Our Coyotes also create at least three fake tunnels, even though you'd think that after that first time a truck drives through the tunnel and hits him at about 75 mph he would take that one off the list. Since Wile E. Coyote is a self-declared genius, he obviously wouldn't be dumb enough to waste his time trying the same thing over and over again, leaving us no other explanation than a band of subgenius coyote clones with an unending supply of cardboard signs and permanent markers.
And no government watchlist of any kind, apparently.
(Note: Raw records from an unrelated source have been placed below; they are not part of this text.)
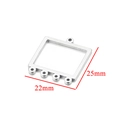 Connecteur géométrique carré en acier inoxydable argenté pour bijoux DIY 22mm x 25mm - Carré Argent Large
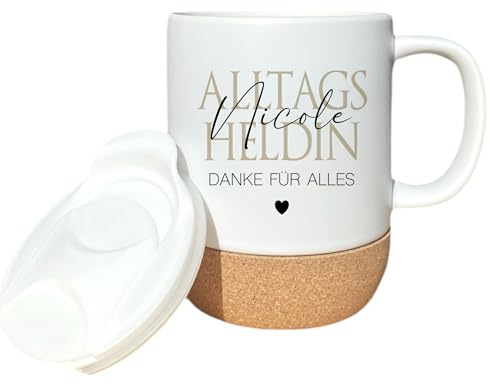 Manufaktur Liebevoll I Geschenk Tasse personalisiert Namen Freundin Teetasse Kollegin I Mama Kaffeetasse Geschenk mit Spruch I Dankeschön Tasse Alltagsheldin Geburtstagsgeschenk Frau I (Alltagsheldin)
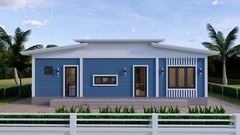 43×25 Feet House Plans 13×7.5 Meter 3 Beds 2 Baths Shed Roof PDF (A4 Hard Copy)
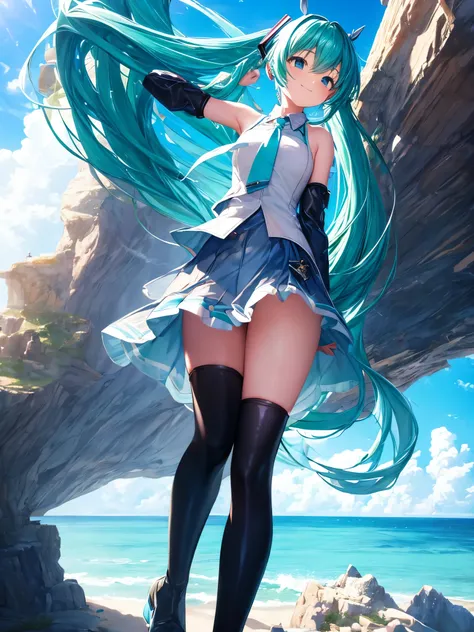 ((masterpiece)),(highest quality),Official Art,Highly detailed CG,unity 8k wallpaper,Super detailed,Lighthouse on top of a cliff by the sea,One girl,alone,Cowboy Shot,Hatsune Miku,View Viewer,Sleeveless shirt,White shirt,fringe,smile,Black knee socks,Hair ...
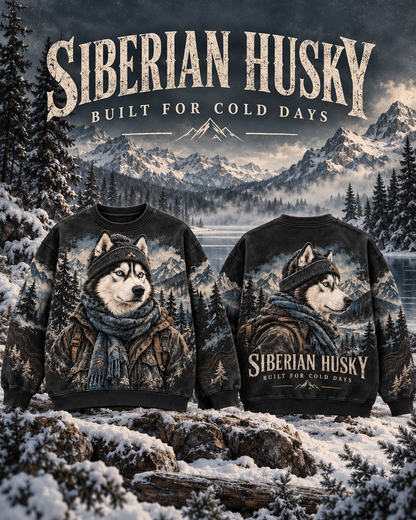 Vintage Siberian Husky Mountain Adventure Graphic Sweatshirt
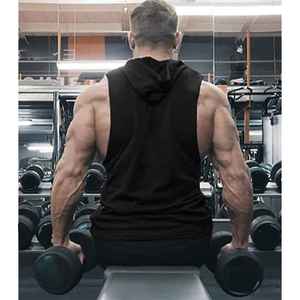 Transpirable hombres entrenamiento con capucha camisetas sin mangas culturismo músculo corte camiseta sin mangas gimnasio sudaderas con capucha personalizadas - Product Image 5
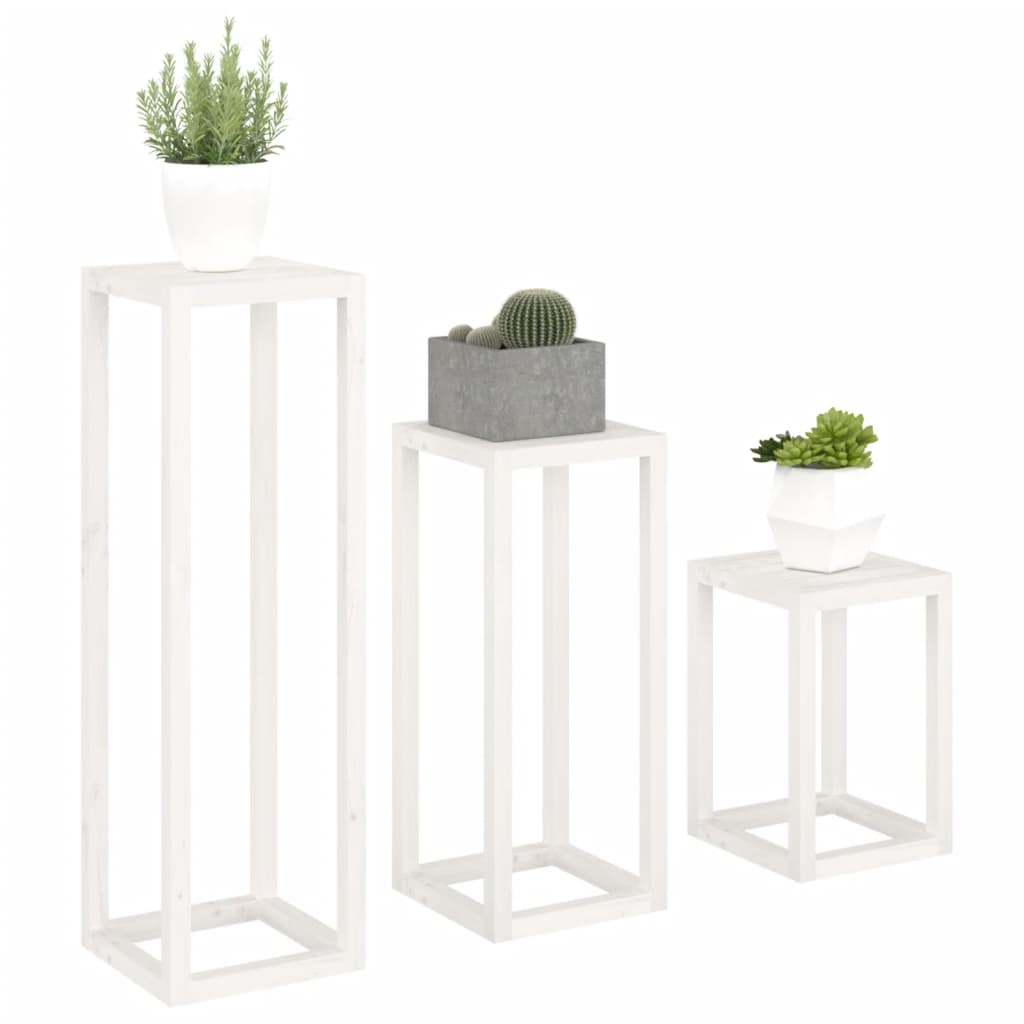 3-delige Plantenstandaardset massief grenenhout wit is nu te koop bij PeponiXL, paradijselijk wonen!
#3. Why Does Wile E. Coyote Need Clones? For Product Testing
Wile E. Coyote is clearly a man of means. He has the money for all of the collapsible doors and explosives (and presumably for burgers and such after failing to eat Bugs Bunny), but where does that money come from? The answer has been staring us in the face for years: He's financed by the business he owns, the business that requires him to prove his genius through feats of engineering previously unknown to Coyotes or even the maddest of cartoon scientists and/or Stooges. Wile E. Coyote is the owner of ACME.
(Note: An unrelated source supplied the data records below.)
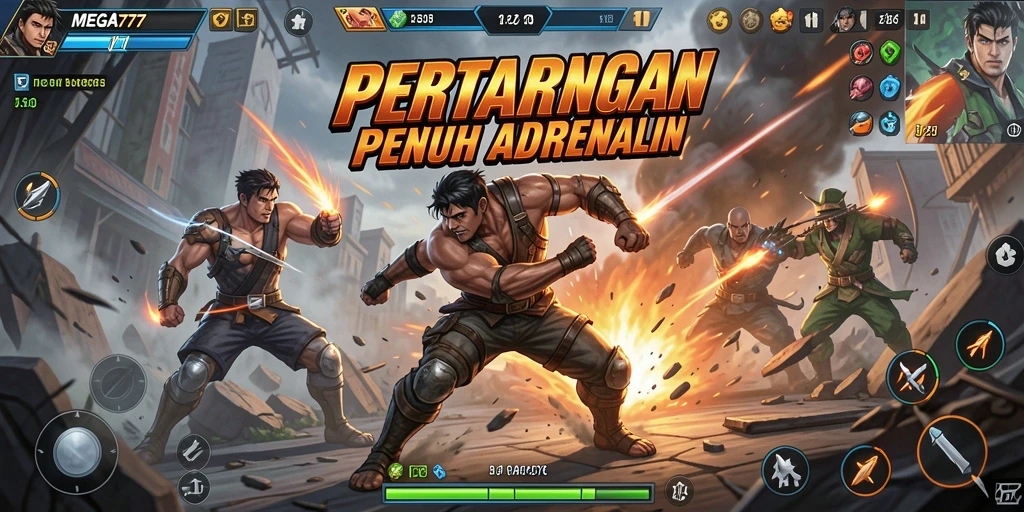 Tampilan gameplay MEGA777 yang menegangkan saat bertarung.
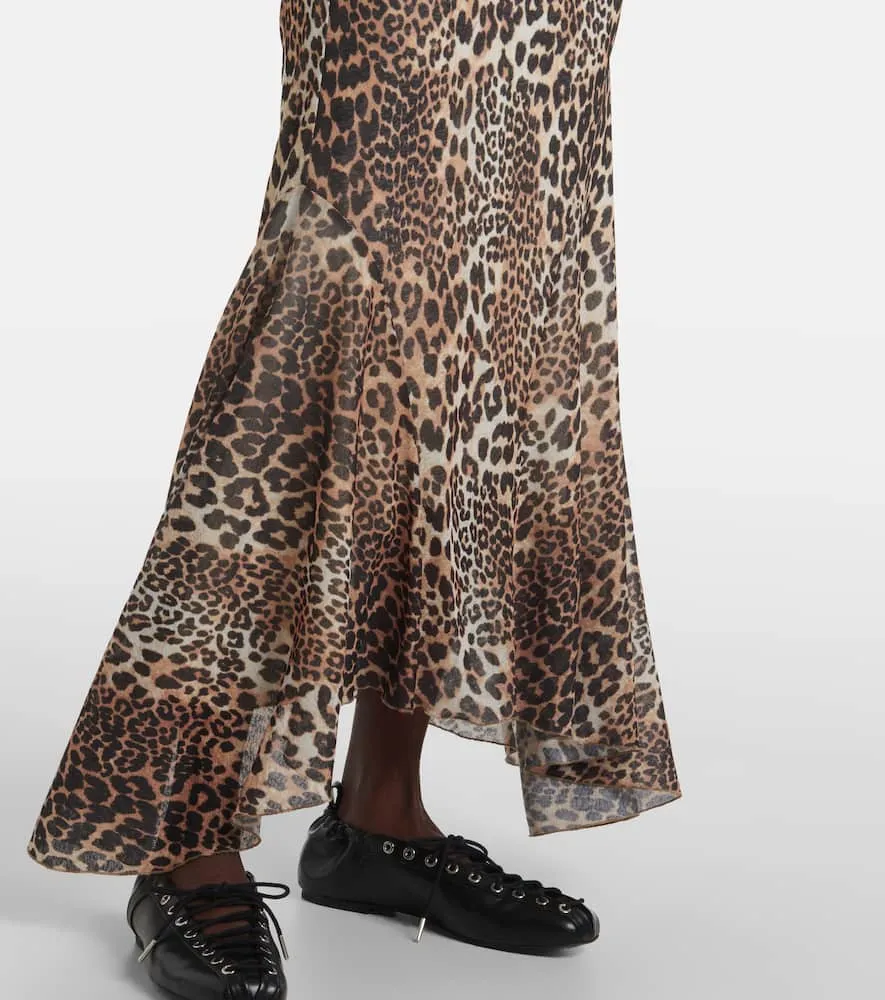 Ganni Ruched leopard-print mesh maxi dress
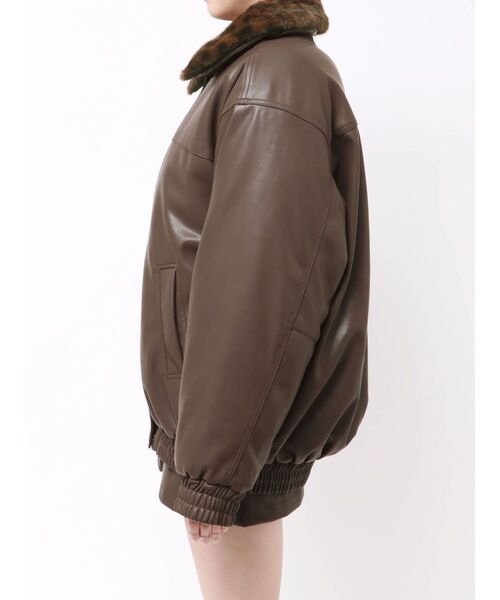 EMODA（エモダ）の「フェイクレザーブルゾン（ブルゾン・レディース・ブラック/ブラウン/ベージュ・MEDIUM/SMALL）」の20枚目の写真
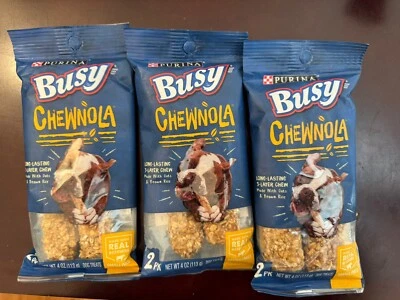 Golosinas para perros Purina Busy Chewnola cuero de res masticable de 3 capas de larga duración 4 oz lote de 3 Foto 1 de 4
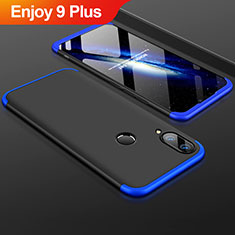 Hard Rigid Plastic Matte Finish Front and Back Cover Case 360 Degrees for Huawei Enjoy 9 Plus Blue and Black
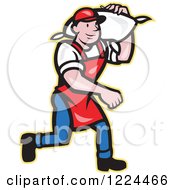 Cartoon Flour Miller Worker Carrying A Sack Over His Shoulder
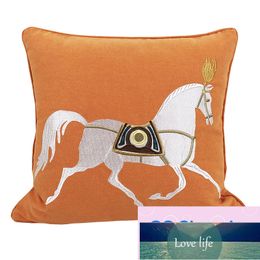 Share to be partner Funda de Almohada 45x45cm Fundas de Cojines con Caballo Bordado - Tela de Terciopelo Sofá de Estilo Moderno sin núcleo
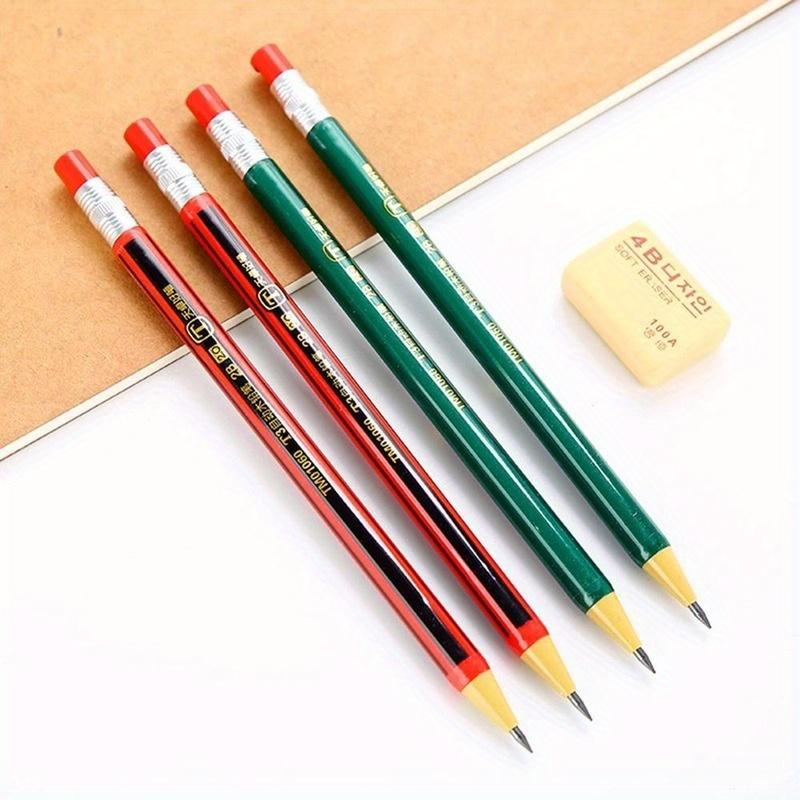 Lot de 3 crayons mécaniques aléatoires de 2,0 mm, crayons automatiques pour dessin et écriture, 2B, crayons push, fournitures scolaires, papeterie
Don't believe it? Well deal with it, because A Coyote Made Everything. And just like every other manufacturing company, ACME's products need to go through rigorous, even preposterous, rounds of R&D before they can hit the mass market. And that means they need to put every catapult, giant mouse trap, anvil, and pair of jet-propelled roller skates through their paces before they get a stamp of approval. And where better to do that than in an all but abandoned desert landscape where no one ever gets hurt but a bunch of expendable Coyotes?
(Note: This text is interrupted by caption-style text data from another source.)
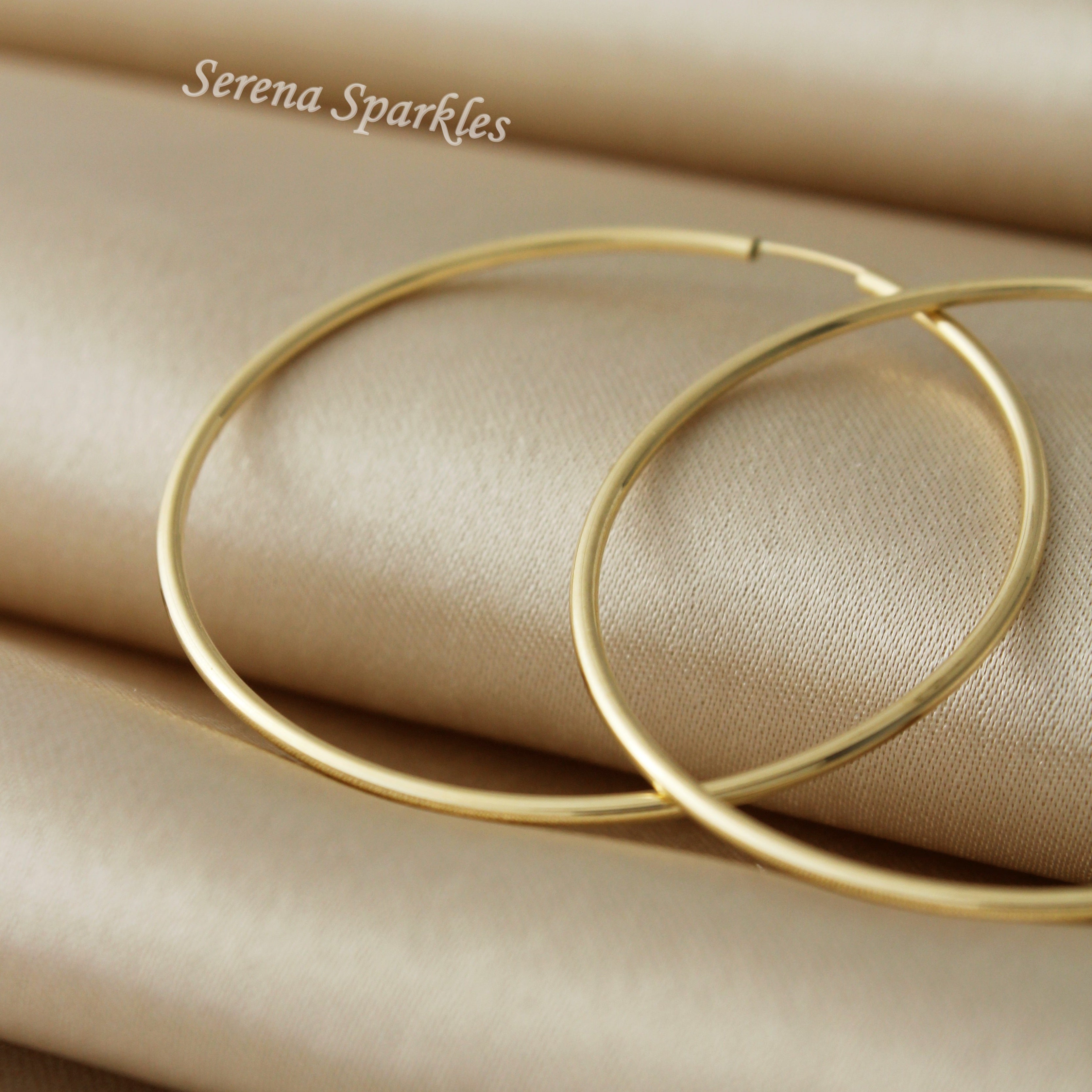 10k Solid Gold Oversize Hoop Earrings - Serena Sparkles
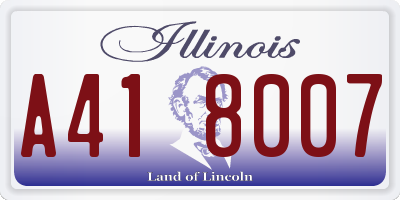 IL license plate A418007
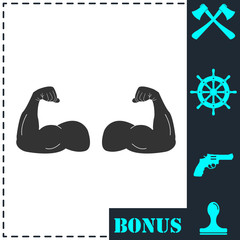 Muscular arm icon flat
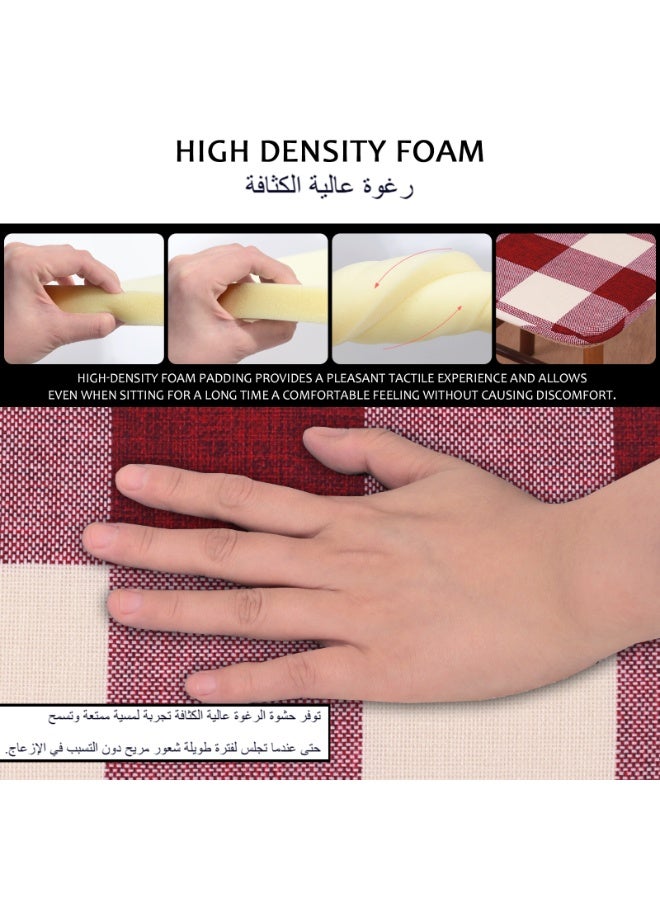 Foam Chair Cushions for Dining Chairs Set of 2, Non Slip Kitchen Chair Pads, 43x41x3 cm, Indoor Dining Chair Cushions with Ties, U-Shaped Seat Cushions for Kitchen Chairs - Image 3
To say nothing of their short-lived line of sex toys ...
Since so much military testing is already done in the desert, Wile E. Coyote would consider this a perfect location to try out all of these gadgets and gizmos before they're officially put up for sale. But he doesn't have time to design and build all of these things and test them out as well, so what is a Coyote to do? Clone himself, obviously. He needs to know exactly how every piece of inventory in his warehouse will function out in the field, but he doesn't want anyone else to be able to steal his inventions and profit from them, so making trustworthy and dimwitted clones in his lab is the only reasonable option. It also saves him the trouble of explaining to the authorities why there are so many Coyote corpses attached to/buried underneath/launched from ACME items littered about the desert. Given how much damage a Looney Tune can take it is perfectly reasonable to think that when the sheriff, who's probably Daffy Duck with a badge, wanders by and sees the carnage he won't blink an eye, because he has seen it a thousand times before, only to find a Coyote alive and well and wearing a ridiculous Batman costume the very next day.
Or Batman and Riddler's love child, either way.